Also what are you hoping in trying to "create" a differential power supply via taking the +VE at the output of the switcher and the -VE at the feedback - anything the load does will mess up the switcher since it will put a voltage on that pin?

this is a single-ended booster chip

I think the idea is to create a current source for the LEDs. Look at fig. 22 in the datasheet.

 

[justDIY]

i tried soldering a jumper from the ground pin on the device directly to the ground plain, giving it a very strong ground ... no change ... when the input voltage is under 3 volts, the output current is below the set-point ... input voltage over 3 volts, output current is way above the set-point.

 

[justDIY]

I found the design manual for their constant current led driver evaluation module, and was looking at the waveforms they have in there.

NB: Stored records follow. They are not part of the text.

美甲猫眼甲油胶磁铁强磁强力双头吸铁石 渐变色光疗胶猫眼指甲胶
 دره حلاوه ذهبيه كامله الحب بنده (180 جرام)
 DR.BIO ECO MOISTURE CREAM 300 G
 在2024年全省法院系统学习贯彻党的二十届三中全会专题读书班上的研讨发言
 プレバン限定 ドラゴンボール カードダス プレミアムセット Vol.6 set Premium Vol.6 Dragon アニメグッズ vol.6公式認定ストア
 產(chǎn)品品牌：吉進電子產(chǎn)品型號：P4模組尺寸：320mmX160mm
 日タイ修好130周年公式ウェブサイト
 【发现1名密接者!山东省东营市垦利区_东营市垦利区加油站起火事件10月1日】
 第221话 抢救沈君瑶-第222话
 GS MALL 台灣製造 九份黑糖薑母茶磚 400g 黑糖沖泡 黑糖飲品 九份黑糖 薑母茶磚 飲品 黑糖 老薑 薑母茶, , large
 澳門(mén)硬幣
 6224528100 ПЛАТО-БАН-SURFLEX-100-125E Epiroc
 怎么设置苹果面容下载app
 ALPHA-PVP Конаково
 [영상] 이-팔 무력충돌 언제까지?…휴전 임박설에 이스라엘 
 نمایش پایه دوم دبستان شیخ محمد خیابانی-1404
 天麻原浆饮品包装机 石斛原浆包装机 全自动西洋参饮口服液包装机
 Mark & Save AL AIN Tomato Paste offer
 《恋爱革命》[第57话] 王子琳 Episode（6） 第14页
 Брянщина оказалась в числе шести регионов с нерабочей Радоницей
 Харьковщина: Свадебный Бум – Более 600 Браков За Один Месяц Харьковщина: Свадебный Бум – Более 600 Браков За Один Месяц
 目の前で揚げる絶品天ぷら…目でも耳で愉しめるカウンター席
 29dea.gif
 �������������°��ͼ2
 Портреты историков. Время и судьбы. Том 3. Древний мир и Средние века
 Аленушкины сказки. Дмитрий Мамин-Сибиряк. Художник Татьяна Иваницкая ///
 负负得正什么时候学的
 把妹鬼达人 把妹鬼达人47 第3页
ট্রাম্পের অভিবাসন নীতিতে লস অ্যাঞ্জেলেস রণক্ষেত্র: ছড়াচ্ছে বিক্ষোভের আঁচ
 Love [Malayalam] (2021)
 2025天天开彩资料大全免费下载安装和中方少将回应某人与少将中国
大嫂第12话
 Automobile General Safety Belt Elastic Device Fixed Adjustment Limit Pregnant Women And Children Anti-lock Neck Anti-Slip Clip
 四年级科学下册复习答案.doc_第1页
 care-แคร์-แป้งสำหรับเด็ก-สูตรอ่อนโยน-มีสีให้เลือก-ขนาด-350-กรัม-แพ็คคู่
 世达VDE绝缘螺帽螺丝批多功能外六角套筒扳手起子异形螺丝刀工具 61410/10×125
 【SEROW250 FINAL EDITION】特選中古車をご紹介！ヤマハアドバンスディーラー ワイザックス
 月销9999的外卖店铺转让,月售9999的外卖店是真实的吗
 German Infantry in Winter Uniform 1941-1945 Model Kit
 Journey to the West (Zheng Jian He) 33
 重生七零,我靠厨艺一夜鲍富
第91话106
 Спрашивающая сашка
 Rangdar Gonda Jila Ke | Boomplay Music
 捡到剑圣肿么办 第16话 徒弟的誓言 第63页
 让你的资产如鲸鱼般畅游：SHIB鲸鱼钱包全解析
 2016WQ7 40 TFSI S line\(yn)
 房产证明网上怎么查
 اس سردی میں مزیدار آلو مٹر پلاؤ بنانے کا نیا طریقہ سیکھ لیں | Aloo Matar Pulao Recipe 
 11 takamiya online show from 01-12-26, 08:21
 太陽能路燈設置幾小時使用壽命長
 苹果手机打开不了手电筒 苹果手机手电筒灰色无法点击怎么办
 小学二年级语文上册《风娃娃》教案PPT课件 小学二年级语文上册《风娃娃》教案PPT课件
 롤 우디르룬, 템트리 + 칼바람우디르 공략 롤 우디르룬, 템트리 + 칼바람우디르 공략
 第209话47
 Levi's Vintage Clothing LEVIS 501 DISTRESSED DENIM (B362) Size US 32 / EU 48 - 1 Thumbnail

https://www.ti.com/litv/pdf/slvu068a

my led current waveform looks very similar to theirs (figure 2-2), perhaps not as exaggerated ... hard to hold the probe, camera and fiddle with dials at the same time

but my switching waveform looks nothing like theirs (figure2-3), unless it's a fake ... mine doesn't ring like that at all ... isn't ringing generally a bad thing anyway?

 

[Roff]

Your layout looks like ENABLE is grounded through RPD (I'm assuming the PIC is not installed). I guess I'm missing something.

 

[hjames]

The "ringing" in 2-3 of the app note is indicative that the switching regulator is operating at less than full capacity - Essenially every cycle ends with the feedback voltage above 1.2V, so the chip doesn't try to immediately begin the next cycle. Instead it waits, and what you see is the end of the inductor flapping around with it's parasitics. The next cycle starts when the fb voltage drops below 1.2V, and the chip "charges" the inductor up to 400mA.

Also, according to the app note (pg 2-6) there's ~8mA of ripple at 4.2v. In your circuit this would end up being 300mV worth of ripple, which is what you're seeing. BTW, in their circuit, it would end up being .8V worth of bouncing up and down...

 

[Ocelaris]

Sorry to ask such a simple question, but what and where did you get that copper trace? Is it a etching kit or just tape?

Looks good to me none-the-less! SMD wonder works! I'd just be happy to get one of those going.

 

[justDIY]

Your layout looks like ENABLE is grounded through RPD (I'm assuming the PIC is not installed). I guess I'm missing something.

Ron, you are correct. However, I'm not using the revision two pcb yet, still working with the one in the first post.

My thoughts with RPD (pull-down) is a 'safety' measure ... if the PIC pin driving enable goes floating for some reason, RPD will hold it low until the PIC drives it high.

 

[justDIY]

Sorry to ask such a simple question, but what and where did you get that copper trace? Is it a etching kit or just tape?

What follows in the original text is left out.